Tyle, że przed chwilą rozmawiałem z jednym z dużych sklepów w PL i mówią, że Kellys nadal potrafi dać krótki ekspander do Soota (rower na rok 2024), więc sobie daruję, bo skoro mamy 2025-ty, a o tych usterkach ludzie pisali już w 2020-tym, to taki producent przestaje być dla mnie wiarygodny. 
 

Odnośnik do komentarza
5 godzin temu, carrygun napisał(a):

Propozycja Treka odpada, bo nie chciałbym roweru za prawie 6k na Sorze, mimo że bardzo lubię wygodę i wygląd ich ram. Ten wygląda świetnie.
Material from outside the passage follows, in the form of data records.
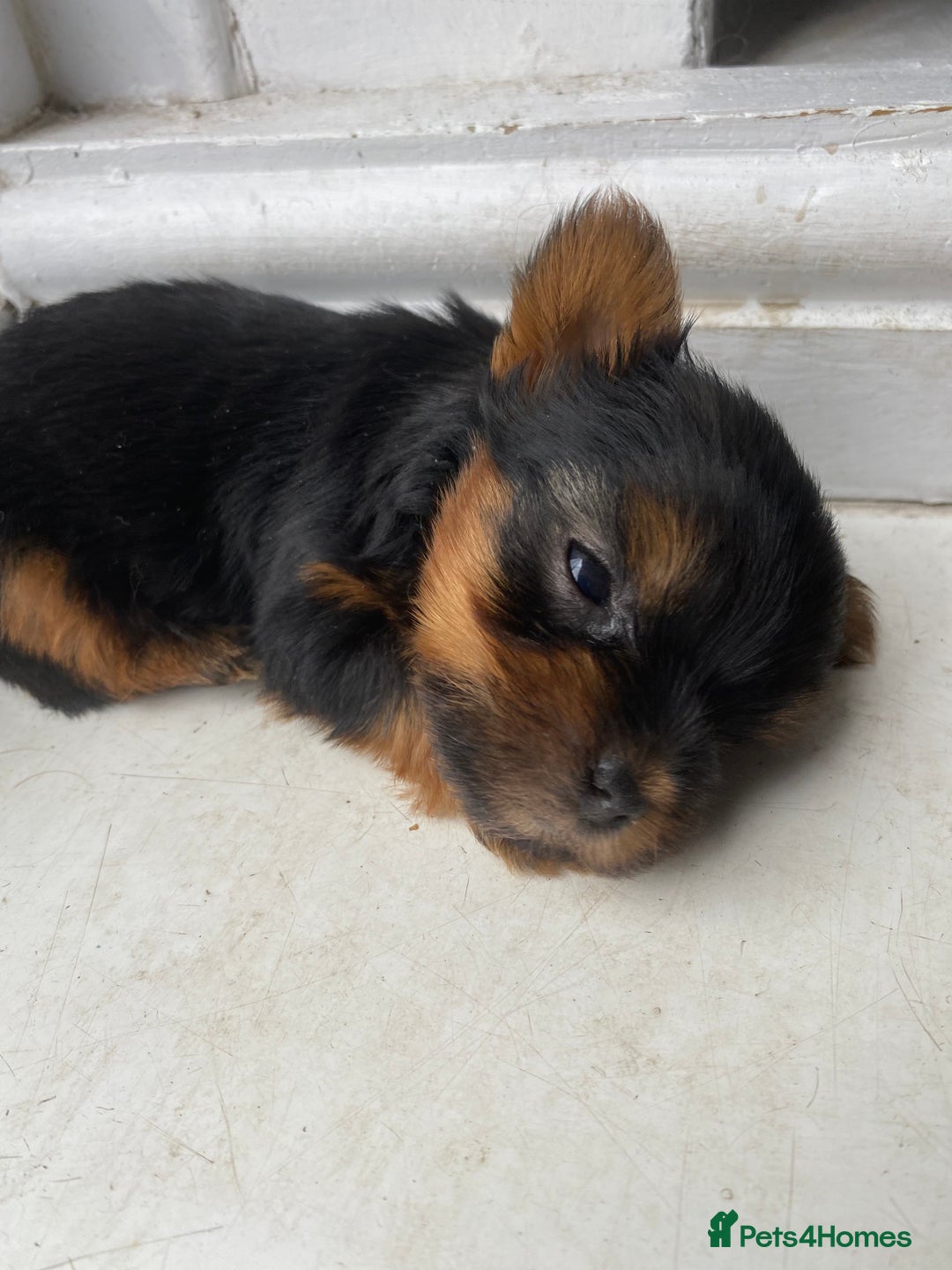 Yorkshire Terrier dogs for sale: Pure Breed Toy Yorkshire Terrier Pups Ready Now!  - Image 9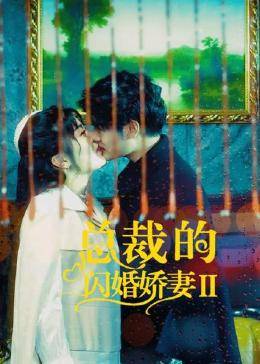总裁的闪婚娇妻2 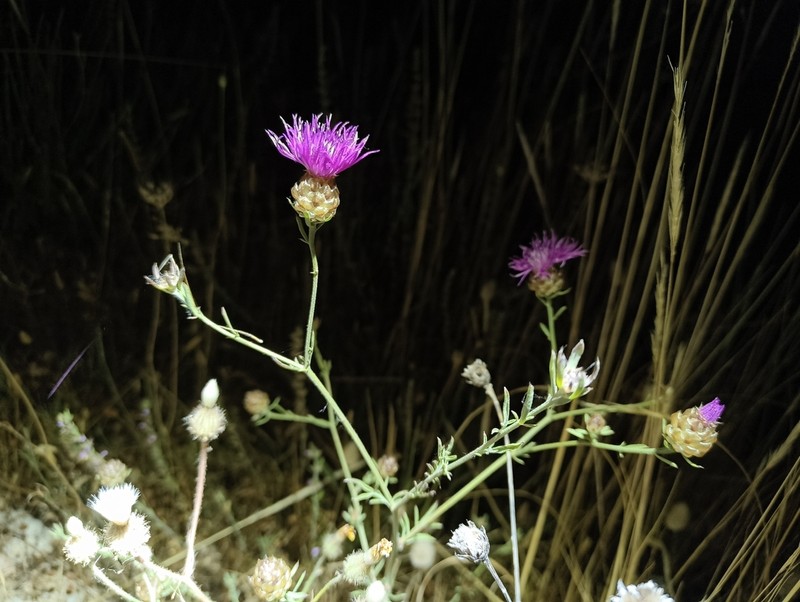 Centaurea tenacissima photo 4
Kiedyś przysiadłem się do 58ki i siedziało się mega dobrze. 

Miałem Rometa Aspre 1 z Clarisem 2x8 i NS Bikes Raga na Apexie 1x11. Nie było terenu, który bym nie przejechał na Aspre a na szosie byłem nim najszybszy ze wszystkich rowerów jakie miałem:) I nic o ramę nie łupało - kupiłem osłonę:))
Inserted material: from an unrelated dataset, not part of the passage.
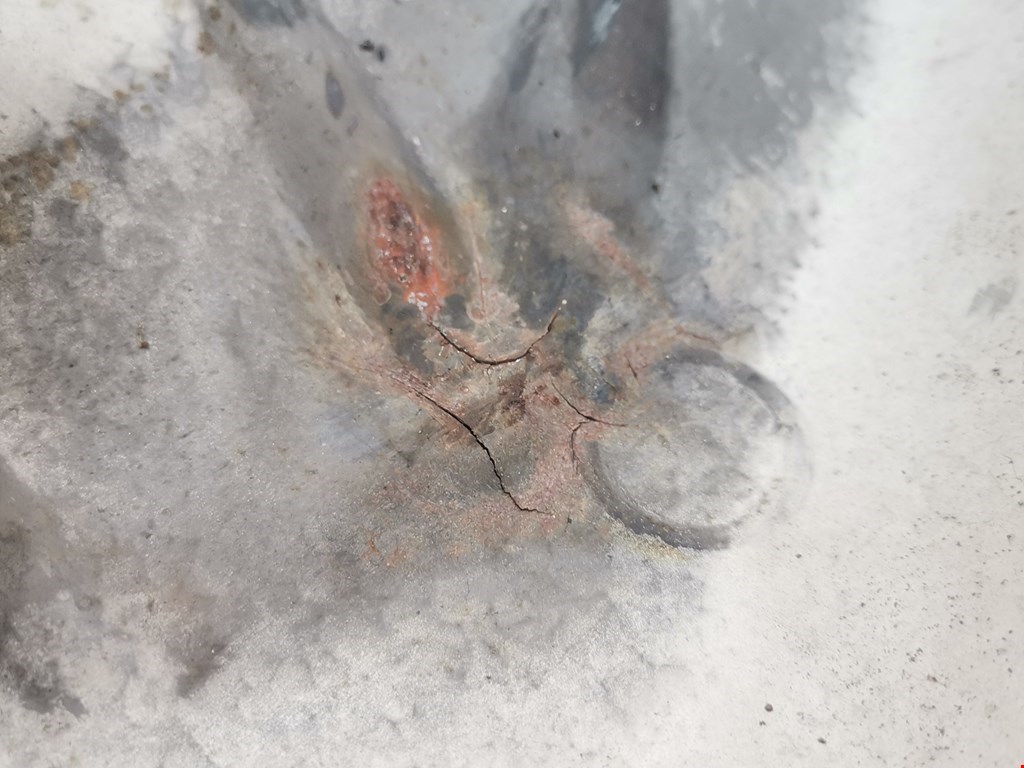 Экран тепловой RENAULT Scenic I 1996-2003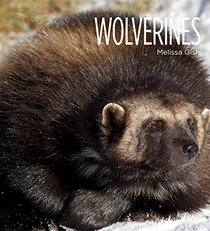 Living Wild: Wolverines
Fakt jest tez taki, że ten NYK za tą cenę to jest Romet, którego bym nawet kupił:))

Odnośnik do komentarza
17 minut temu, tmax napisał(a):

Miałem Rometa Aspre 1 z Clarisem 2x8 i NS Bikes Raga na Apexie 1x11. Nie było terenu, który bym nie przejechał na Aspre a na szosie byłem nim najszybszy ze wszystkich rowerów jakie miałem:) I nic o ramę nie łupało - kupiłem osłonę:))

Fakt jest tez taki, że ten NYK za tą cenę to jest Romet, którego bym nawet kupił:))

Szczerze, to im dłużej staram się na siłę coś kupić, tym bardziej dochodzę do wniosku, że półśrodki nie mają sensu. Albo stać mnie na solidny upgrade albo sobie daruję, bo z RR jestem bardzo zadowolony i myślałem czy po prostu nie rzucić na ten sezon szybszych i cieńszych opon. 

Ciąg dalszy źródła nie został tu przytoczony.